27 stycznia 2017

Aromatyczna herbata, czyli mój kawałek szczęścia


     Zdarzyło się pewnego czasu, że nie umiałam się obudzić. Obudzić z tej zimowej aury, ciągle zakatarzonego nosa i nieustannie śpiących oczu. Zgubiła się gdzieś ta energia, którą zawsze tryskałam, chęci, które zawsze miałam. Przemyślane miałam już chyba całe życie, zarówno to które było, to, które jest teraz, a także wszystko to co chciałabym, by zdarzyło się kiedyś. Głupie? Myślę, że wielu z nas, przykładając głowę do poduszki, zagłębia się w myślach, niejednokrotnie tych trudniejszych czy poplątanych. U mnie tych chwil ostatnio nie brakowało. A łatwo zakręcić się wokół własnych myśli i problemów. Łatwo usiąść i myśleć, trudniej działać, szczególniej wtedy gdy mamy wrażenie, że to wszystko zaczyna nas przerastać. Ale przecież w życiu nie o to chodzi. A o co? W moim przekonaniu- o szczęście. Po prostu o bycie szczęśliwym.

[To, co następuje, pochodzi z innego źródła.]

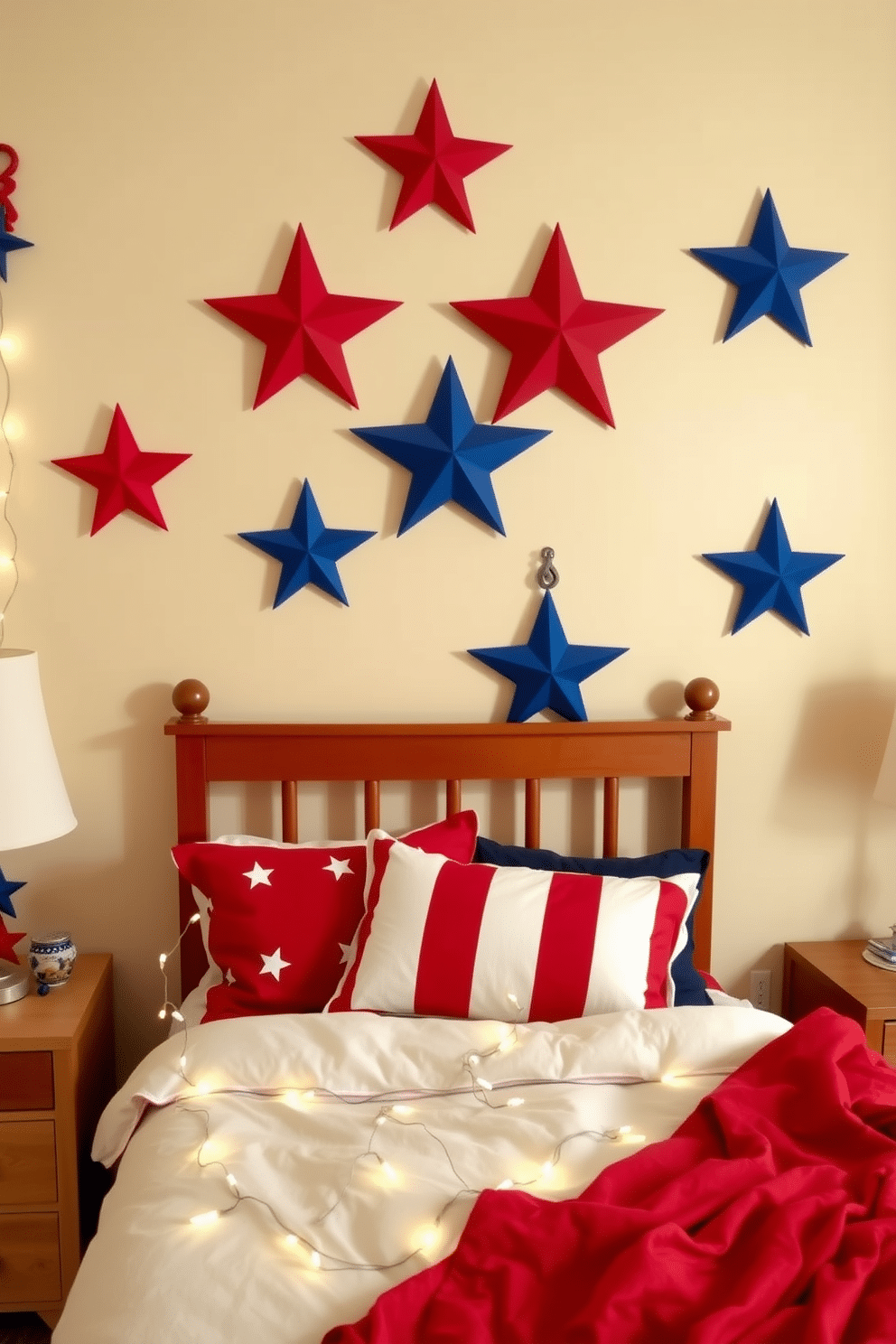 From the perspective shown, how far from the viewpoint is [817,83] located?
223 centimetres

     Pewnego zimowego poranka, przed wyjściem na uczelnie, Mama postawiła przede mną kubek z ciepłą herbatą. Od początku wiedziałam, że przyszykowała dla mnie coś więcej niż zwykłą herbatę, którą pije co rano. Te ukratkowe spojrzenia, które chciały złapać moją reakcję na jej twórczość. Ten uśmiech, którego nie umiała powstrzymać w oczekiwaniu na to czy będzie mi smakować. Ku mojemu zaskoczeniu herbata bardzo przypadła mi do gustu. Wrzucone owoce, które miały dawać aromat, zjadłam równie szybko, jak wypiłam całą herbatę. Plasterek pomarańczy - no jak to pomarańcza (może trochę bardziej wymemłana i mniej soczysta, bo większość smaku oddała herbacie), plasterek jabłka - soczyście gruszkowy! Tak, właśnie gruszkowy! Ten smak zaczarował mnie i przeniósł kilka lat wstecz, kiedy to wracając ze szkoły pochłaniałam jabłko o odmianie gruszkowej - mojej ulubionej. Ja już tak czasem mam, że zadowolone kubki smakowe potrafią zmienić mój nastrój o 180 stopni. Dużo było do tej pory jedzenia, które sprawiło, że uśmiechnęłam się, a potem myślałam i zachwycałam się nim przez kilka następnych dni. Są jednak takie smaki, które razem ze swoją cudownością i kojarzącymi się wspomnieniami - tworzą coś wspaniałego. Uczucie, którego nie jestem w stanie opisać. Uczucie bardzo indywidualne. Takie, które skutecznie potrafi obudzić. Pomyślicie, że to dziwne, że przesadzam. A może i tak jest. Ale kto mi zabroni, skoro właśnie to daje mi szczęście i uśmiech do końca dnia? :)
      W tym poście oddałam Wam kawałek siebie, jak zresztą w każdym z pozostałych. Tu opisałam jednak coś więcej. Część mojego szalonego ja, które doznaje niezwykłych emocji pod wpływem rozgrzewającej herbaty z kawałkiem jabłka, pomarańczy, imbiru i paroma goździkami. I taka chcę pozostać. Bo każdy z nas ma takie chwile, które wykrzywiają jego usta w uśmiech. Każdy z nas ma to coś, co sprawia, że unosi się parę centymetrów ponad ziemię. U mnie tym razem była to herbata. Czy Wy macie coś takiego?